I want to apologize for slamming your posts. But — it is disturbing to see misinformation like this used to sell eClinical products and services. Let’s start with your statement “ I have no personal knowledge of this drug trial.” That being the case — you probably shouldn’t conjecture that the price drop had anything at all to do with bad or missing data — as you seem to want to imply.
I was curious about what caused this price gap and it appears that, contrary to what you imply, the FDA refused to file because the submission “ wasn’t complete enough to permit a substantive review of the drug by the regulator.”
There are many reasons other than those you imply why PTC could have gotten the refuse-to-file. Based on the close FDA scrutiny of the competitive drugs it appears the FDA is not inclined to approve any of the class.

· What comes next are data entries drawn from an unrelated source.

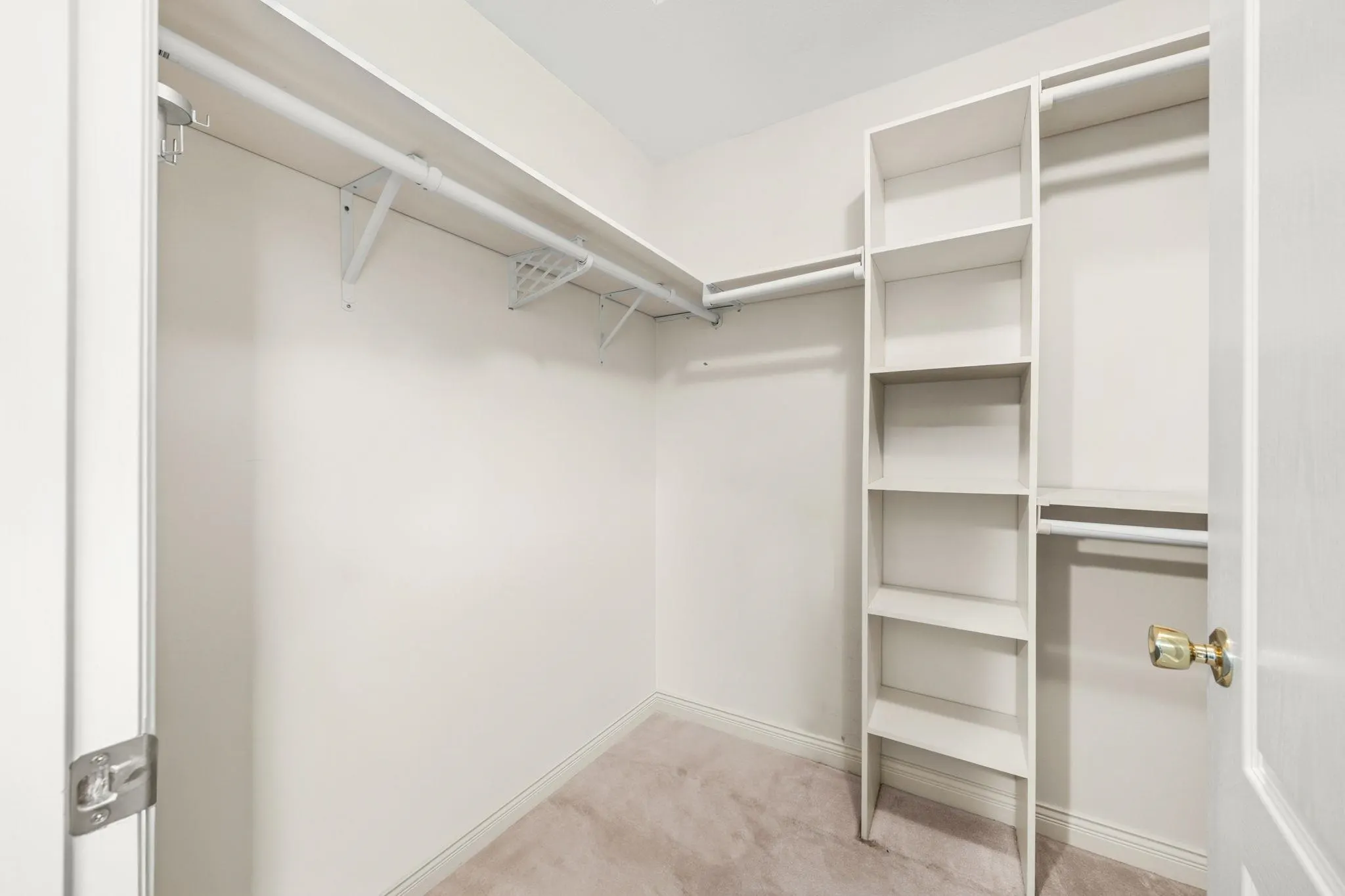 11851 Railway Avenue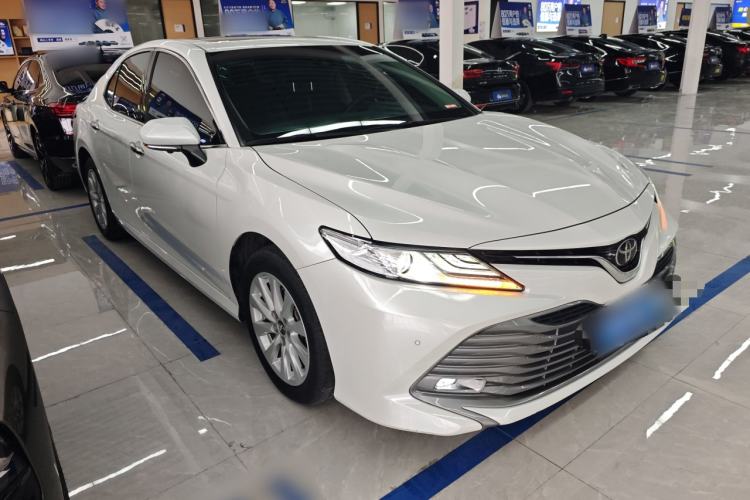 Used Toyota Camry 2021 2.0G Luxury Edition Exterior 1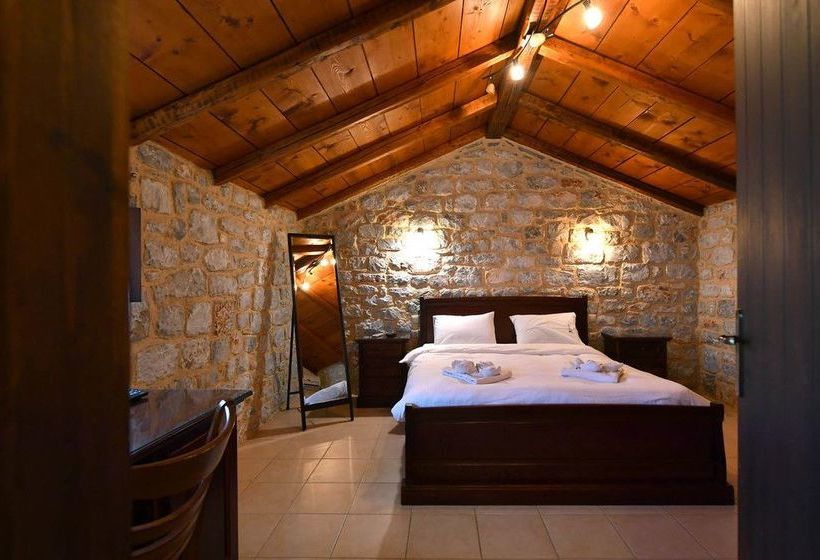 Achelatis Traditonal Guest House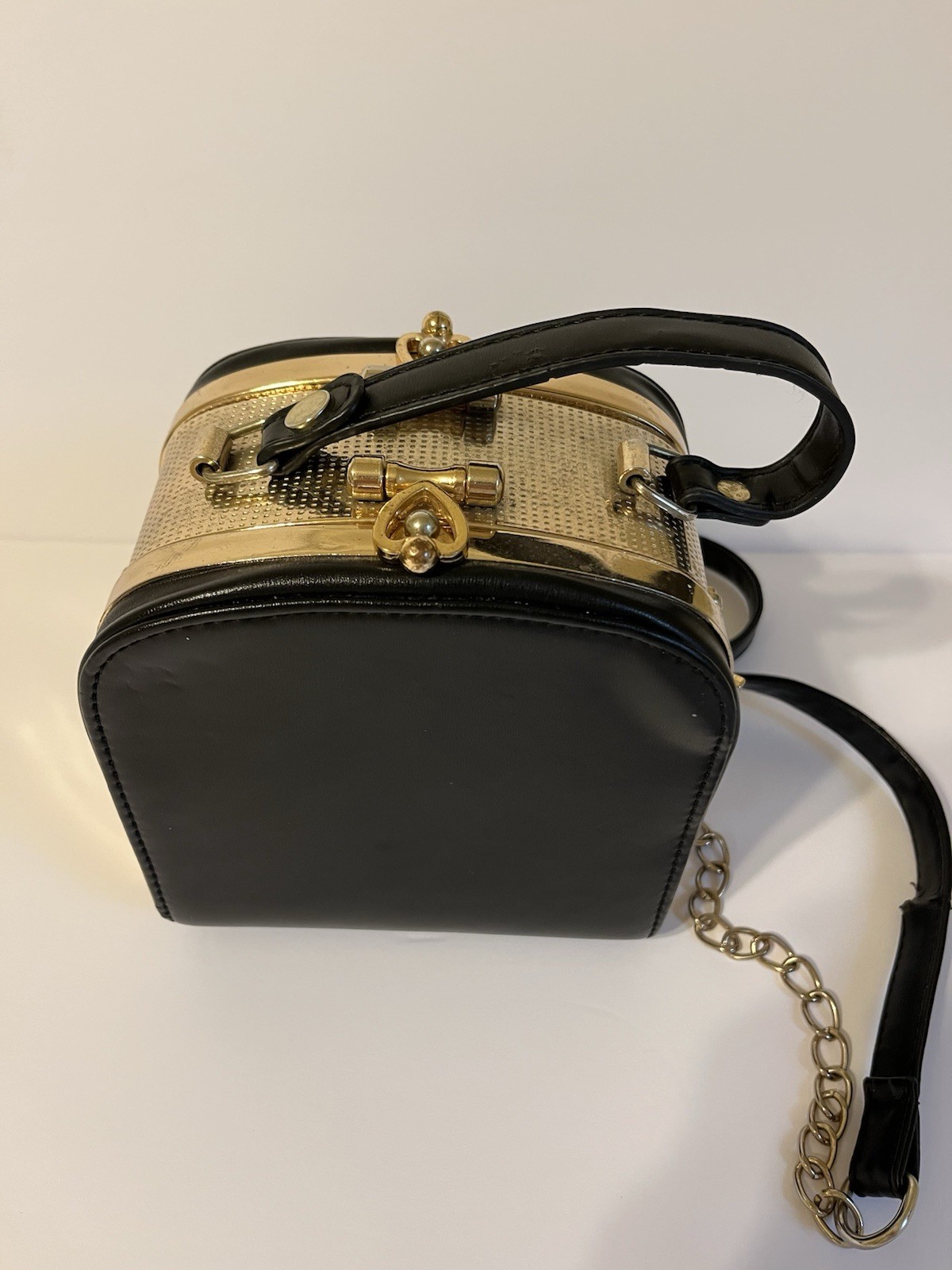 Unique Camera Lipstick purse with double opening - image 3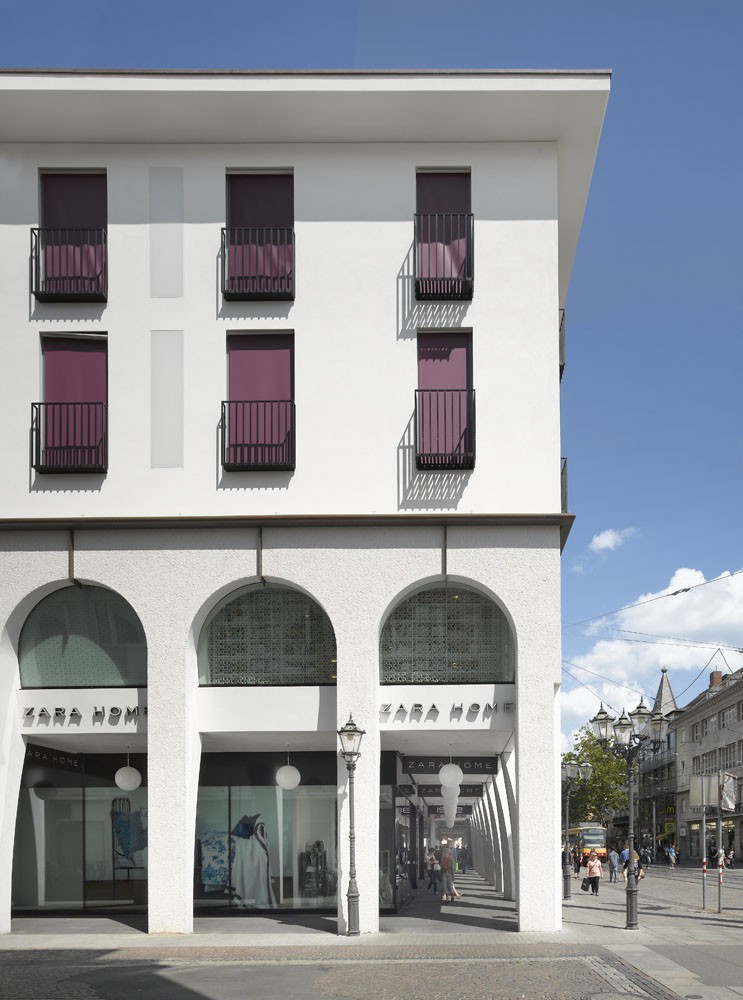 Office and Commercial Building in Karlsruhe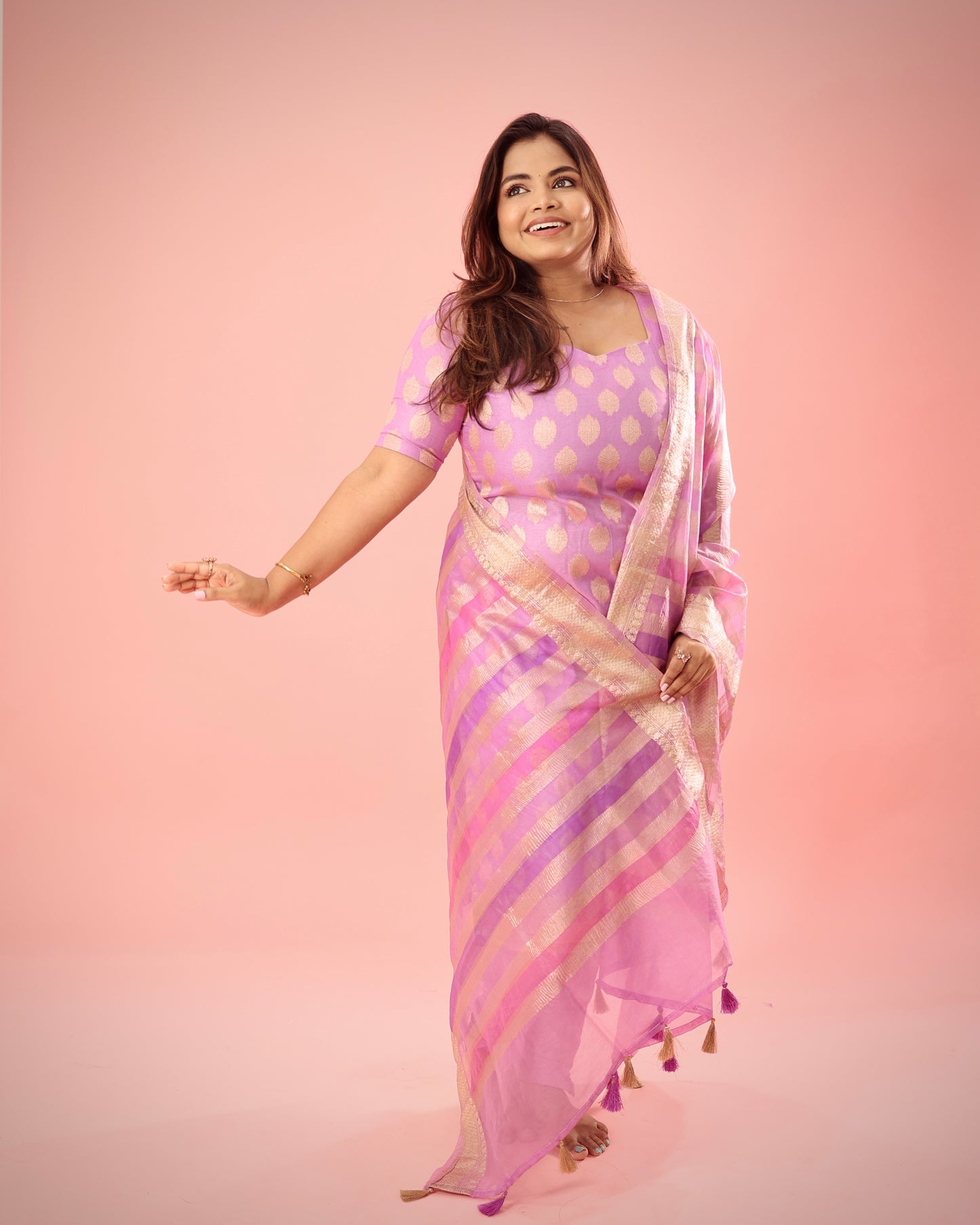 Vanya Banarasi Suit Set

I honestly don’t think you need to push the idea that direct data capture could save time. Intellectually and pragmatically we know that and have accepted that. But in the real world — our clients (the sponsors) live in dread of what happened to PTC happening to them with no way of recovering possible additional data that could be used to support a more robust submission. So they still use paper and EDC and they still collect “supporting” not for analysis data elements — “just in case”.
Finally, your recommendation that “ Once in the database, run real-time analytics and find out how the trial is going” seems naive. I am not a statistician but I don’t think you can do this in a blinded trial. In fact, any interim analysis, let alone a continuous analysis, has the potential to “burn the alpha” and bias the study and must be included in the calculation of p-values and sample size prior to study start.